Кат заёрзал, когда ремешки вокруг его запястий и лодыжек медленно натянулись. — Прислушайся к моим чувствам. Внимательно. Я говорю правду.
Самое ужасное, что так оно и было. Ему, правда, было жаль. Его сжигало желание извиниться, и он охотно брал на себя ответственность за всё, что натворил.
Но сожалений не достаточно. Он должен покаяться и пожалеть о своих поступках.
Прерывисто вздохнув, перебарывая слабость и лихорадку, я ещё раз повернул рычаг. Шестерёнки и зубцы слаженно закрутились, толкая друг друга. Надавив сильнее, наклонился к Кату, спросив:
— Готов подрасти на пару сантиметров?
— Пожалуйста, — взмолился он в ответ.
— Не смей умолять, — произнёс я, провернув рукоять на полную.
Дыба повиновалась, разъединяясь под ним, мучительно растягивая тело отца. Кожа на его руках и ногах покраснела и натянулась, словно меха аккордеона на самой задорной ноте.
Кат закричал.
Я снова толкнул рычаг.
Издавая неприятные звуки, стол растянулся ещё сильнее, преодолевая сопротивление распятого на нём тела.
Отец закричал ещё громче.
В ушах зазвенело от внезапно наполнивших голову Ката мыслей, угрожавших мне потерей концентрации. Я почувствовал себя монстром, добровольно питавшимся болью своего отца, и от этого размышления стало тошно. Но в то же время я почувствовал своего рода искупление — я, наконец, стал тем, кем всегда меня хотел видеть Кат, и сейчас был достоин его похвалы.

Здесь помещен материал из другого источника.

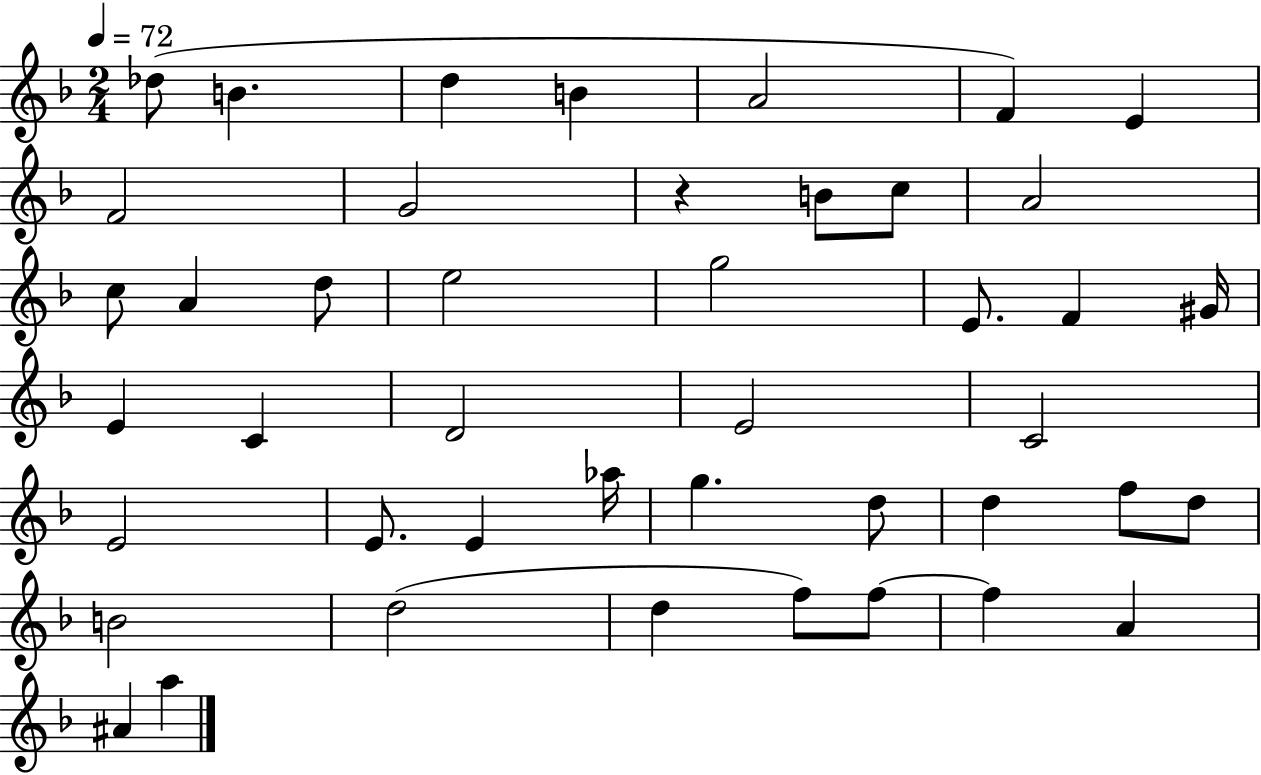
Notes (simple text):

Db5/e B4/q. D5/q B4/q A4/h F4/q E4/q F4/h G4/h R/q B4/e C5/e A4/h C5/e A4/q D5/e E5/h G5/h E4/e. F4/q G#4/s E4/q C4/q D4/h E4/h C4/h E4/h E4/e. E4/q Ab5/s G5/q. D5/e D5/q F5/e D5/e B4/h D5/h D5/q F5/e F5/e F5/q A4/q A#4/q A5/q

— Как считаешь? Достаточно? — Я снова нажал на рычаг, а вопрос потонул в его стонах.
Подвижные части дыбы повиновались, раздвигаясь больше, разрывая связки, вгрызаясь задубевшей от времени кожей в плоть на руках и ногах жертвы.
Кат уже не кричал. Скорчив гримасу боли на бледном лице, он завыл, словно раненый зверь. Выгнувшись дугой, напряг плечи и растопырил пальцы ног, руки его сжались в кулаки, впившись ногтями в ладони. Он боролся с дыбой.

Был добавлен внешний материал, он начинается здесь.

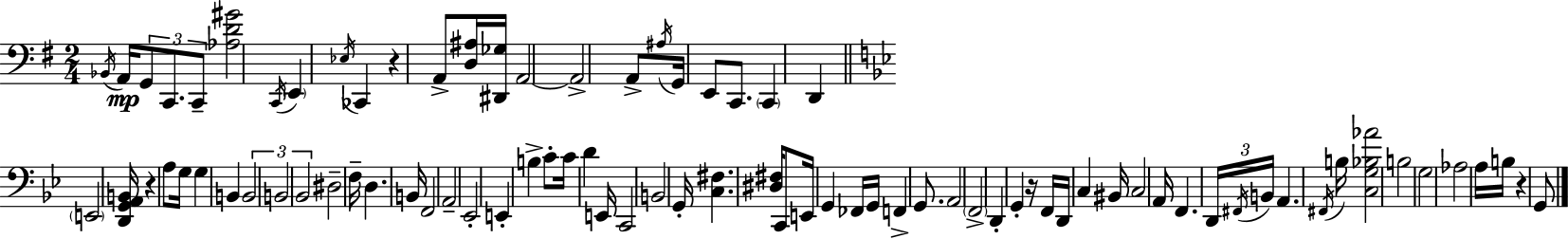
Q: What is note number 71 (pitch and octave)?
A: A3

Я знал, что он чувствует. Не потому что читал его, а потому, что бывал на его месте. Но я был крепче и моложе. Первыми сдадут плечи — вылетят из суставов. А за плечами последуют и остальные сочленения: выскочат колени, лопнут сухожилия, мышцы порвутся в клочья, сломаются кости — всё зависит от натяжения устройства.
Этот вид пытки был самым жестоким в средневековье, и не только для человека, находящегося в объятьях дыбы, но и для лицезреющих казнь. Тошнотворный треск частей тела, суставов, отказывающихся от борьбы, сломит любого.
Люди легко сознавались только от увиденного.
Смогу ли я зайти так далеко?
Смогу ли медленно разорвать Ката на части, задействуя дыбу, пока его тело не перестанет сопротивляться?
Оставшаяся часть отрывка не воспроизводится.